Pediatrics Residency Graduate, Researcher Improve Health Care in Rural Uganda
Implementing sustainable health care models in the developing world has become a way of life for Lisa Umphrey, MD, a 2010 graduate of the Pediatrics residency program, and her husband and former department research scientist Douglas DaSilva.
The two recently spent over a year managing and staffing a clinic in rural Uganda—at one point with help from Pediatrics faculty Francois Luyet, MD—and are now taking the model they developed there to other locations throughout the country.
Interest Sparked During Residency
Dr. Umphrey made her first of many trips to Uganda in 2008 for her pediatrics residency international rotation.
After graduation, she became the full-time manager at Project Bumwalukani, a small clinic that serves approximately 20,000 people in rural northeastern Uganda. Project Bumwalukani was established by the Foundation for International Medical Relief of Children (FIMRC) in partnership with the Arlington Academy of Hope.
Although Uganda has a national healthcare system, the Bumwalukani clinic, like most other healthcare facilities in the region, has little support (including adequate salaries for staff) and few resources. It also had many patients suffering from such medical problems as malaria, tuberculosis, HIV, malnutrition, and vitamin deficiencies.
A Sustainable Clinic Model
Dr. Umphrey and DaSilva—who had experience providing health education in Nepal—developed a clinic model that maximized what resources were available, specifically focusing on prevention, education, and follow-up.
They organized the clinic around five stations: 1) intake, 2) simple evaluation, 3) complex diagnosis and prescription, 4) dispensing and treatment, and 5) review and follow-up instruction. Community volunteers or healthcare providers with appropriate education and training staffed each station.
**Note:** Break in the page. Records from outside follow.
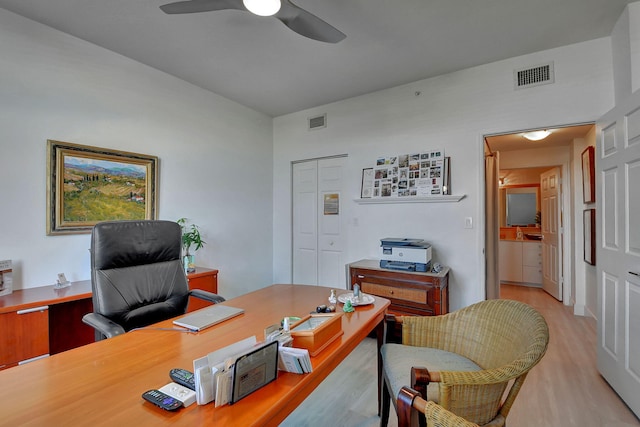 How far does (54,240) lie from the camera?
2389 millimetres

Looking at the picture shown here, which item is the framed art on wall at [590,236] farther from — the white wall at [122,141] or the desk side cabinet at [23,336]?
the desk side cabinet at [23,336]

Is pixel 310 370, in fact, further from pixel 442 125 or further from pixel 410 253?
pixel 442 125

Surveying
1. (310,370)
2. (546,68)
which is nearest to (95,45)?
(310,370)

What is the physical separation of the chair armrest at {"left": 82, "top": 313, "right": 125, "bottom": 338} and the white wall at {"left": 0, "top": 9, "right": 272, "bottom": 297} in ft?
3.94

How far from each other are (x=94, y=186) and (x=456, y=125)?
349cm

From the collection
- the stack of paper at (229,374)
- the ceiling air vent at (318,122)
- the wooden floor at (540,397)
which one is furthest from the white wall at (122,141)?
the stack of paper at (229,374)

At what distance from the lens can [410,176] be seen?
3.34m

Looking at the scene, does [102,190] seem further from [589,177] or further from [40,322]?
[589,177]

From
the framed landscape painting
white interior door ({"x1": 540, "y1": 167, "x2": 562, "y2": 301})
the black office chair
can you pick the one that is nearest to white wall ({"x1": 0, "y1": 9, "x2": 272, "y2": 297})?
the framed landscape painting

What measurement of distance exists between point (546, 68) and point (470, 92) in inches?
24.5

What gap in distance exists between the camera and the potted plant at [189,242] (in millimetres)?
3002

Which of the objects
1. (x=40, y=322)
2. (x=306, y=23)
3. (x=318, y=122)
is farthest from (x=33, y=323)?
(x=318, y=122)

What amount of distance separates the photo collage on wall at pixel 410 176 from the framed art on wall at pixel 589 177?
177 cm

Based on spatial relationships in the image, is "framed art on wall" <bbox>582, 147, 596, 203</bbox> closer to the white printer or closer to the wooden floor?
the wooden floor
They also created an educational curriculum that included general health discussions for patients in the waiting room, plus targeted education on maternal and child health, basic primary health, and HIV.
In addition, they helped train village health team (VHT) members—influential community members who provide door-to-door education, first aid, and health assistance, and may also volunteer in the clinic. VHT members are critically important to reducing the burden on the clinic and its few providers.
Finally, they created a partnership network to better link clinics, hospitals, and health organizations in the region—connections that are crucial in a landscape of scarce resources.
Impact and Next Steps
For Dr. Umphrey and DaSilva, the year at Bumwalukani was a success: they implemented their model at the clinic and at another site in the region, and are now working with Arlington Academy of Hope to take it “on the road” throughout Uganda.
But it wasn’t without its challenges. The pair have suffered their share of tropical diseases, learned how to run a facility with spotty power and little physical infrastructure, and adjusted to significant cultural differences.
“You have to go beyond your comfort zone to do this work,” Dr. Umphrey said. “But a lot of what I learned in residency was very applicable. Although the diseases and systems are different here, I came in with a very strong medical background.”